Comment se fait l'articulation entre les attentes et points de vues qui s'expriment au niveau du Conseil de Développement et les politiques menées par la Communauté urbaine ?

Le Président de la Communauté urbaine, Gérard Collomb, a compris l'importance de la démarche et il a par conséquent participé à nos travaux de manière régulière. Par ailleurs, le vice-président chargé du Conseil de Développement, Gilles Vesco, fait le relais avec l'exécutif communautaire et la Mission prospective fait aussi remonter des idées et propositions. On peut donc dire qu'il existe des relations satisfaisantes. Mais il faut veiller avec soin que l'institution communautaire puisse établir des liaisons permanentes avec nos organes, et que le Conseil de Développement puisse prendre des initiatives pour traiter des sujets qui nous paraissent importants.

 

Est-ce que les citoyens comprennent bien le fonctionnement de la Communauté urbaine, ce que sont ses compétences, ce que sont ses politiques. N'y-a-t-il pas un problème de lisibilité et un manque démocratique, au sens où les citoyens ne peuvent, par leur vote, influer sur les politiques menées ?

L'élection des conseillers communautaires au suffrage universel sera une bonne chose et devrait permettre d'exposer des politiques d'agglomération à nos concitoyens. Lors de telles élections, ceux qui se présenteront devront nécessairement parler de projets communautaires. Aujourd'hui, les élections sont municipales et on évoque peu les projets d'agglomération qui sont pourtant fondamentaux pour l'avenir des communes.
Il faudra être attentif à ce que cette évolution ne remette pas en cause l'implication des maires dans la Communauté urbaine. Les citoyens s'adressent au maire pour une quantité de choses. Celui-ci doit avoir une fonction de redistribution des questions posées, et également une vue globale de ce qui se passe à son échelon.
Ensuite, l'organisation territoriale devra être lisible par rapport au citoyen, ce qui n'est pas tout à fait le cas aujourd'hui. 

 

Le territoire de la Communauté urbaine n'est-il pas trop étroit pour mener des politiques globales en matière de développement économique, de transport ou d'équipements culturels ou sanitaires par exemple, qui concernent les habitants de la grande région lyonnaise et non de la seule agglomération ? Dans ce cas, la Région Urbaine de Lyon (RUL), qui correspond à l'aire d'influence et d'attraction de Lyon, peut-elle être un acteur dans la mise en oeuvre de ces politiques ?

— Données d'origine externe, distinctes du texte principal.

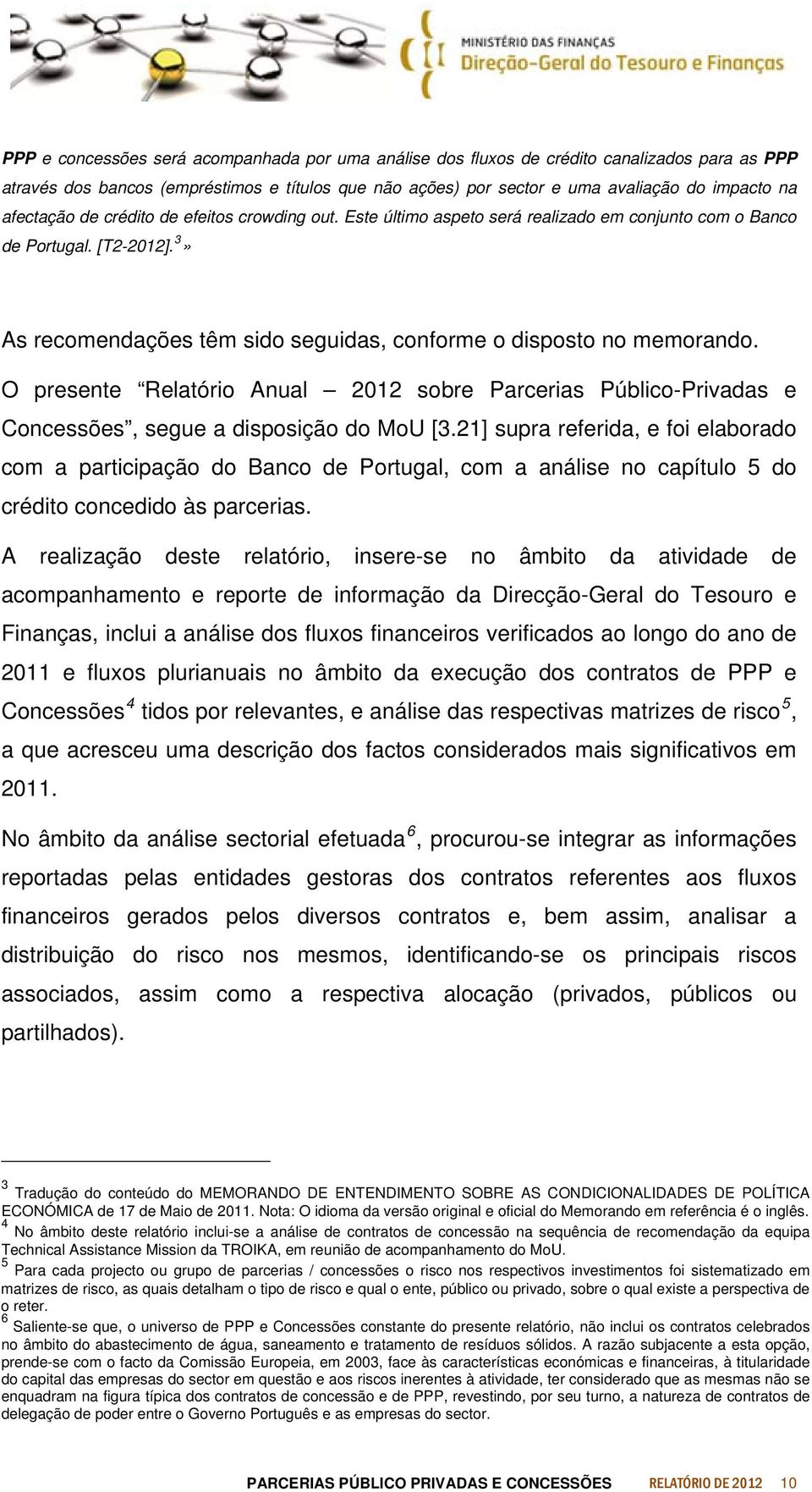 O presente Relatório Anual 2012 sobre Parcerias Público-Privadas e Concessões, segue a disposição do MoU [3.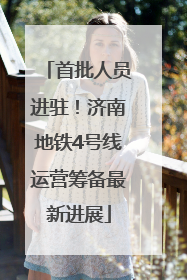 首批人员进驻！济南地铁4号线运营筹备最新进展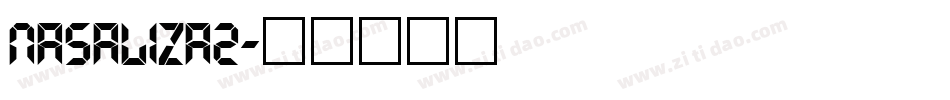 NASALIZA2字体转换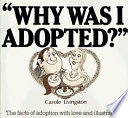 Why Was I Adopted?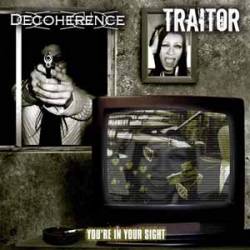 Decoherence (FRA) : You're in Your Sight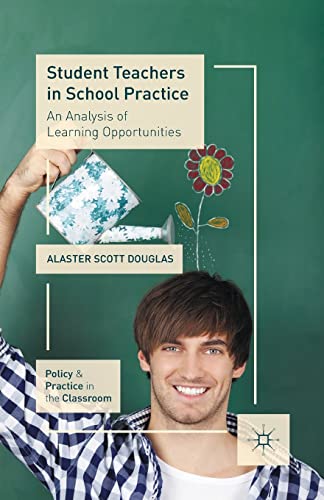 9781349443550: Student Teachers in School Practice: An Analysis of Learning Opportunities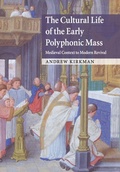 Cover: The Cultural Life of the Early Polyphonic Mass - Cambridge University Press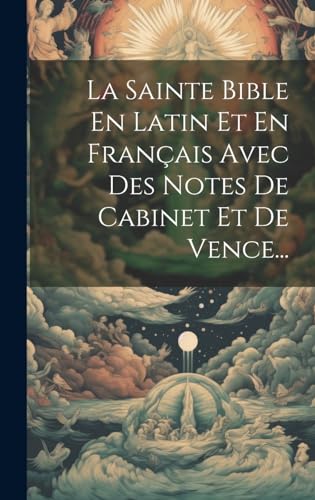 La Sainte Bible En Latin Et En Français Avec Des Notes De Cabinet Et De Vence...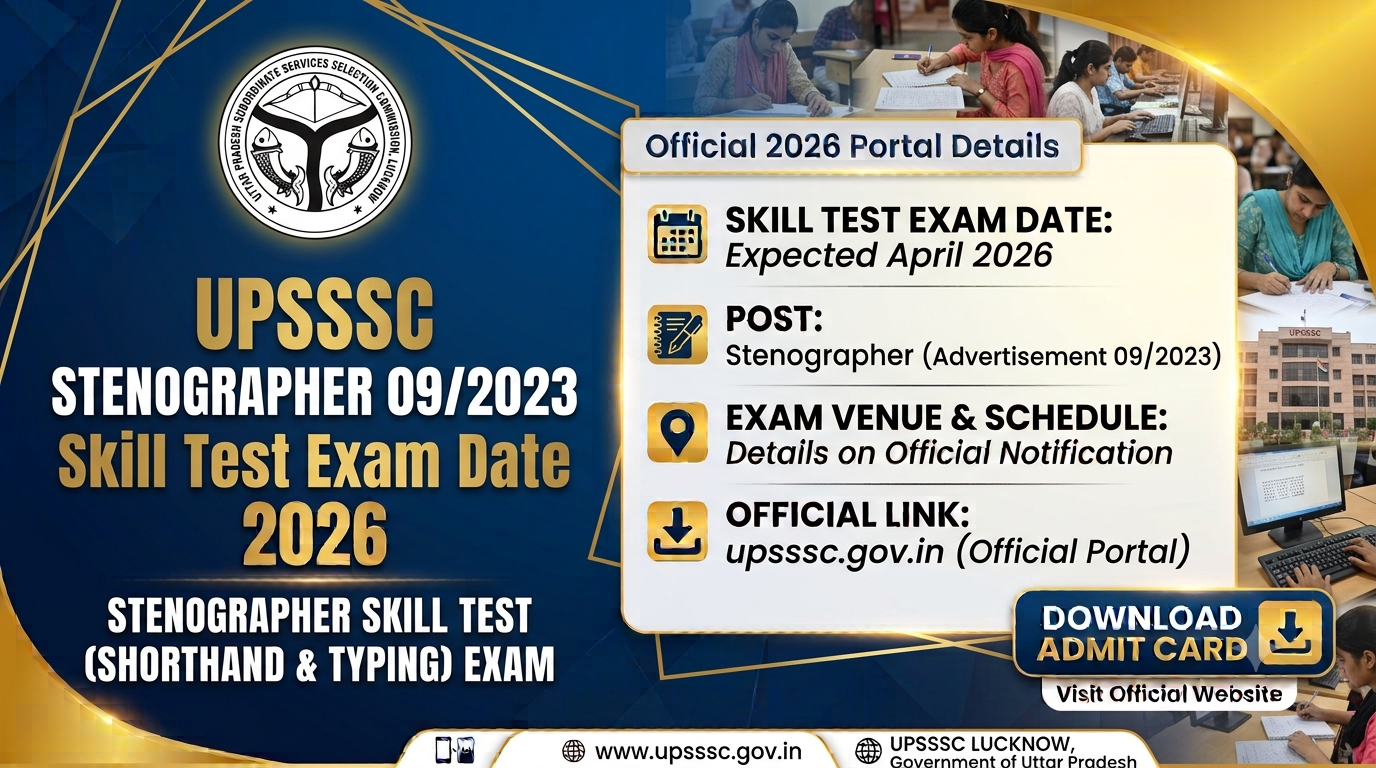 UPSSSC Stenographer Skill Test Exam Date 2026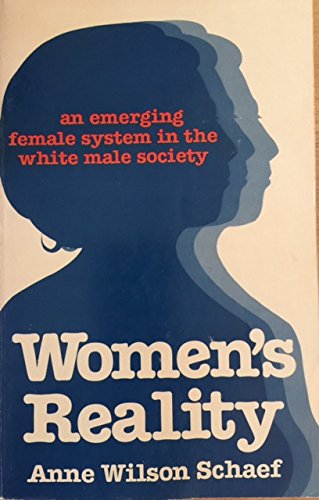 Womens reality: An emerging female system in the white male society Schaef, Anne Wilson
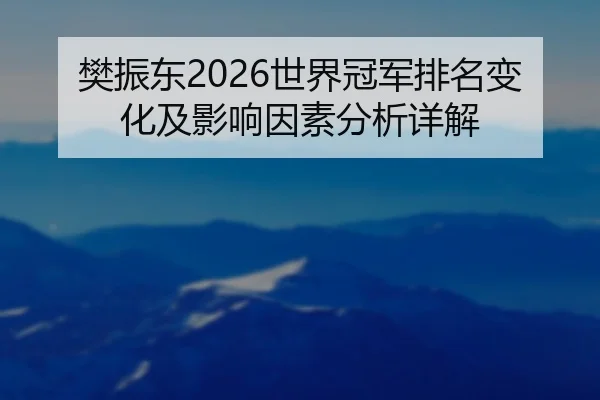 樊振东2026世界冠军排名变化及影响因素分析详解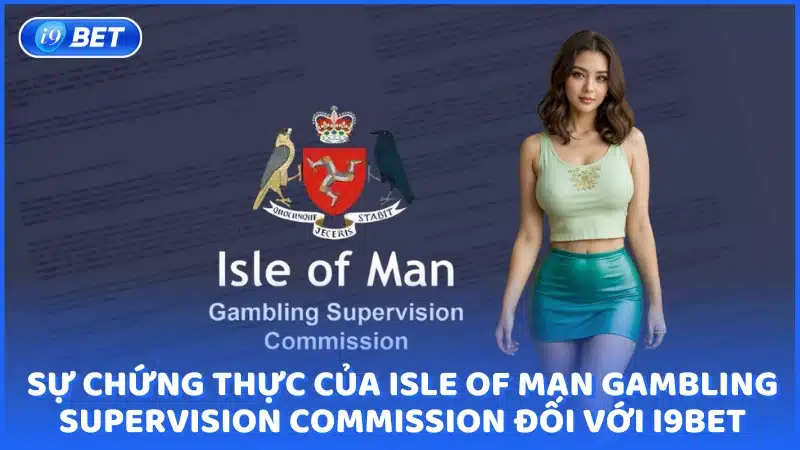 Sự chứng thực của Isle of Man Gambling Supervision Commission đối với i9bet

Je suis convaincu que la RUL est extrêmement utile à la la Communauté urbaine et à la région Rhône-Alpes. Quand on se penche sur ce qui se passe dans d'autres villes européenne, avec par exemple la création de la région de Stuttgart qui a pris comme compétences les transports en commun et le développement économique, on comprend que cet échelon de la région métropolitaine est de plus en plus pertinent. 
La région métropolitaine lyonnaise est d'ailleurs en train de prendre de plus en plus de poids. La RUL peut donc être un outil d'organisation du territoire dans le cadre de domaines bien précis, là où elle apporte une vraie valeur ajoutée. Cela a été le cas dans le domaine de la logistique, où la politique menée a permi de reconnaissance de la grande région lyonnaise comme partenaire de Barcelone et de Rotterdam. C'est aujourd'hui le cas des transports en commun, et ce sera probablement à cette échelle qu'il faudra organiser le développement durable. 
Sur le plan de son organisation, il faut que la RUL reste une équipe très légère travaillant à la commande politique.
On peut très bien imaginer en France des régions urbaines autour des grandes villes. C'est à la fois un moyen d'exister au niveau européen, et d'effacer des limites administratives qui ne sont pas pertinentes sur un certain nombre de sujets.